The gene structure de novo annotation was made using Augustus v3.2.3 (http://augustus.gobics.de/), Genscan v1.0 [30], Glimmer v3.0.4 (http://ccb.jhu.edu/software/glimmerhmm), Snap v2013.11.29 [28], and Geneid v1.4 [29]. Homology-based method was also employed to annotate the protein-coding gene structure. We built a non-redundant protein database of O. indica (MH63, R498, ZS97), Nipponbare (O. japonica), and O. rufipogon. Then the protein sequences were aligned to the genome by Blastall v2.2.26 (E-value cutoff by 1E-5). The blast hits were conjoined by solar. For each blast hit, Genewise was used to predict the exact gene structure in the corresponding genomic regions. RNA-seq data were mapped to the genome using Tophat v 2.0.13 (https://tophat.com). Then, cufflinks v 2.1.1 (http://cufflinks.cbcb.umd.edu/) was used to assemble transcripts to gene models. EVidenceModeler (http://EVidenceModeler.github.io) was used to combine all genes’ structures.

The tRNAs were predicted using the program tRNAscan-SE v1.4 (http://lowelab.ucsc.edu/tRNAscan-SE). Blast v2.2.26 was used to predict rRNA sequences. Other ncRNAs, including miRNAs, snRNAs were identified by searching against the Rfam v14.1 database with default parameters using the infernal software (http://infernal.janelia.org/).

Gene family evolution analysis

OthoMCL was used to identify gene families in O.brachyantha, O. glaberrima, O. granulate, O. longistaminata, O. punctata, O. rufipogon, Nipponbare, R498, MH63, IR64, kasalath, kitaake, ZS97, PA46S, Nagina22. For multiple-transcript genes, only the transcript with the longest coding region was reserved. And filter out the genes encoding protein less than 50 amino acids or those with stop codons inside.
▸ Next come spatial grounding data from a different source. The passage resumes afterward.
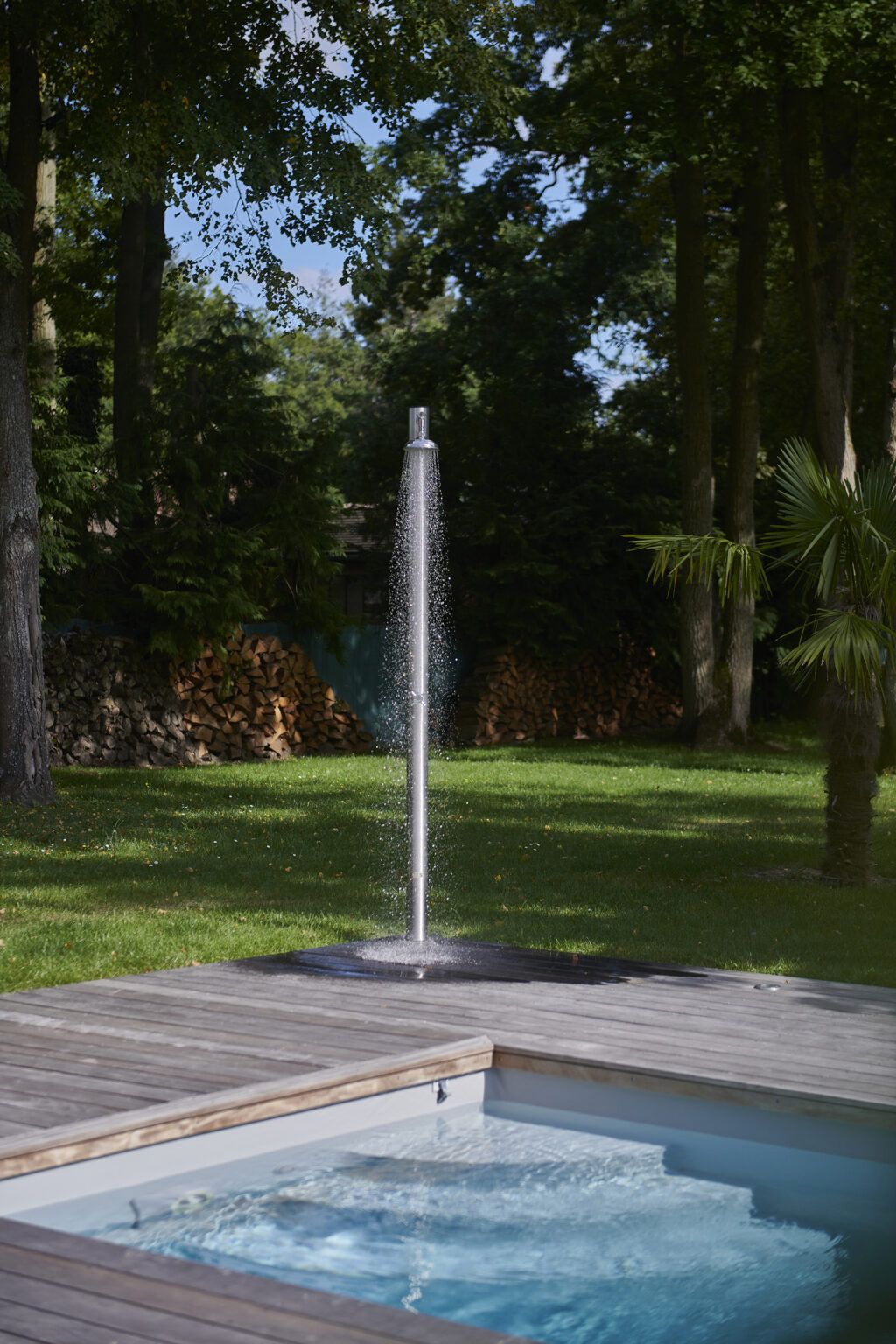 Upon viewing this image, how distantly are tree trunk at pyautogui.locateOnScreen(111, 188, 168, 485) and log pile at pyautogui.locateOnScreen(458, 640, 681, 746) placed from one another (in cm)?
746

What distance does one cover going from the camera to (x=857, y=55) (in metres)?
16.5

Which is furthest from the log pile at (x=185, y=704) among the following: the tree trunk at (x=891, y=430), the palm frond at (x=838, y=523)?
the palm frond at (x=838, y=523)

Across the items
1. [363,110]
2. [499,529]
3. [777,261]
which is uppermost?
[777,261]

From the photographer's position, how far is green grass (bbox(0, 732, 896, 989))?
26.5ft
The similar relationship between protein sequences of all Oryza was obtained through all vs all blast p, with default E value. The inflation of OthoMCL was 1.5.
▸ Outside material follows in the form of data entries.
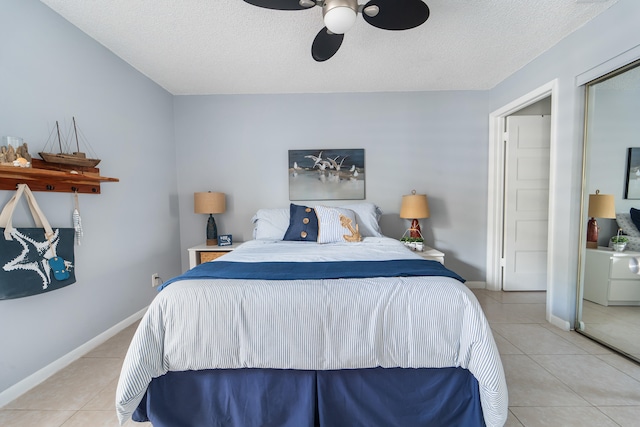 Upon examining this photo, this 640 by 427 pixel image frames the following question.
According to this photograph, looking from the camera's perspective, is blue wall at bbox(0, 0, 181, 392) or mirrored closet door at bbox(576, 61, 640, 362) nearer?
blue wall at bbox(0, 0, 181, 392)

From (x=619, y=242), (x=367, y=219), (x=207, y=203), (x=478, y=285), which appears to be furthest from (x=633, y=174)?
(x=207, y=203)

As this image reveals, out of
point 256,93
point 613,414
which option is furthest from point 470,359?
point 256,93

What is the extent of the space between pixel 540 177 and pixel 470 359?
9.18ft

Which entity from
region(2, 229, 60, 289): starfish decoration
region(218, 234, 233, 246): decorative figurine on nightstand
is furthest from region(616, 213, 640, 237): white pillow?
region(2, 229, 60, 289): starfish decoration

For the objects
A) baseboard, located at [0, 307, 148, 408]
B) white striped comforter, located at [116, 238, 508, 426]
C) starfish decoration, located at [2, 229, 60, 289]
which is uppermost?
starfish decoration, located at [2, 229, 60, 289]

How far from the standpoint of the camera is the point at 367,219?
8.99 feet

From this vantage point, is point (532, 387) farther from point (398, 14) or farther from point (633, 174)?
point (398, 14)

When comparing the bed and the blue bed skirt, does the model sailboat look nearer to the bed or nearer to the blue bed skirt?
the bed

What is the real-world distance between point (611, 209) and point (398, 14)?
2.09 metres

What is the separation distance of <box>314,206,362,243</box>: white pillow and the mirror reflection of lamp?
182 centimetres

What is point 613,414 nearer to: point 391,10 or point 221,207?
point 391,10

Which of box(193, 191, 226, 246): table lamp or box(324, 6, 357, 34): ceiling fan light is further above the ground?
box(324, 6, 357, 34): ceiling fan light

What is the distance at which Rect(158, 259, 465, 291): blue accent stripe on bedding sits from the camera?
1362 mm

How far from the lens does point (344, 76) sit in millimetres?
2729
A total of 3740 single-copy gene families are subject to MUSCLE (http://www.drive5.com/muscle/) for multi-sequence alignment, and then combine all the alignment results to form a super alignment matrix. The sequence alignment result was used to construct phylogenetic tree by RAxML (http://sco.hits.org/exelixis/web/software/raxml/index.html) with the maximum likelihood method.
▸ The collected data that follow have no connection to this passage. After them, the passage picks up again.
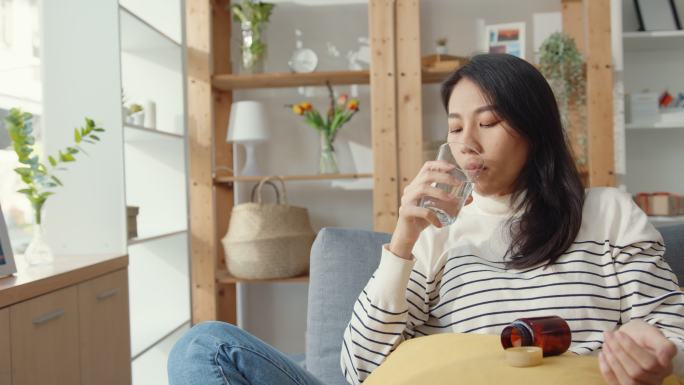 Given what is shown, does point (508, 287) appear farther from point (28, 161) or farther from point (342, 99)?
point (342, 99)

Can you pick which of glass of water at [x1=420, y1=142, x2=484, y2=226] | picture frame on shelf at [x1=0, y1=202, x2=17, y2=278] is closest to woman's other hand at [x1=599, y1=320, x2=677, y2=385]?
glass of water at [x1=420, y1=142, x2=484, y2=226]

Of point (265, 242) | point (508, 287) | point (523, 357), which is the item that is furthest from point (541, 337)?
point (265, 242)

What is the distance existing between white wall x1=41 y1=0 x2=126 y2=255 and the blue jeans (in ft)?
5.20

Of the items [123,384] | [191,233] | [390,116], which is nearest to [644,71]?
[390,116]

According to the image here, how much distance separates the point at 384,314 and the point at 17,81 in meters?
2.02

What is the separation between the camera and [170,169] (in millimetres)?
3295

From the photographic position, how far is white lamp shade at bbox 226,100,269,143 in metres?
3.54

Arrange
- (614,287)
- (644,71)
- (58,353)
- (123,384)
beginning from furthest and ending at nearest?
1. (644,71)
2. (123,384)
3. (58,353)
4. (614,287)

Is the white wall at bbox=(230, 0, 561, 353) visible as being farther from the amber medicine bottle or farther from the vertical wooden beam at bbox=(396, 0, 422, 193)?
the amber medicine bottle

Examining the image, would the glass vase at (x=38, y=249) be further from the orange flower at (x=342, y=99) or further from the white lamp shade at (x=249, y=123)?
the orange flower at (x=342, y=99)

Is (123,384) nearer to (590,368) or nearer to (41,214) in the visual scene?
(41,214)

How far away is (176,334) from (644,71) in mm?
2712

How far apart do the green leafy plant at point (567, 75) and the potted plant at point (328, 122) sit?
932 mm

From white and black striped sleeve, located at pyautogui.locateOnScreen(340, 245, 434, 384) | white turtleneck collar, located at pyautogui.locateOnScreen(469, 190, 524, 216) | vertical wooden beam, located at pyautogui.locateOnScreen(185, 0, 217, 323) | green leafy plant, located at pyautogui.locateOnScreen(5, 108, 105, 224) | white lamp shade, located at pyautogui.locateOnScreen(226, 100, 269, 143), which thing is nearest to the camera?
white and black striped sleeve, located at pyautogui.locateOnScreen(340, 245, 434, 384)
Filter gene families with abnormal gene numbers in individual Oryza, the rest gene families were imported into CAFE software (http://sourceforge.net/projects/cafehahnlab) to analyze the amplification and contraction of gene families (family-wide P-value< 0.05 and Viterbi P-values< 0.05). MUSCLE was used to analyze positive selective genes in XYXZ with default parameters.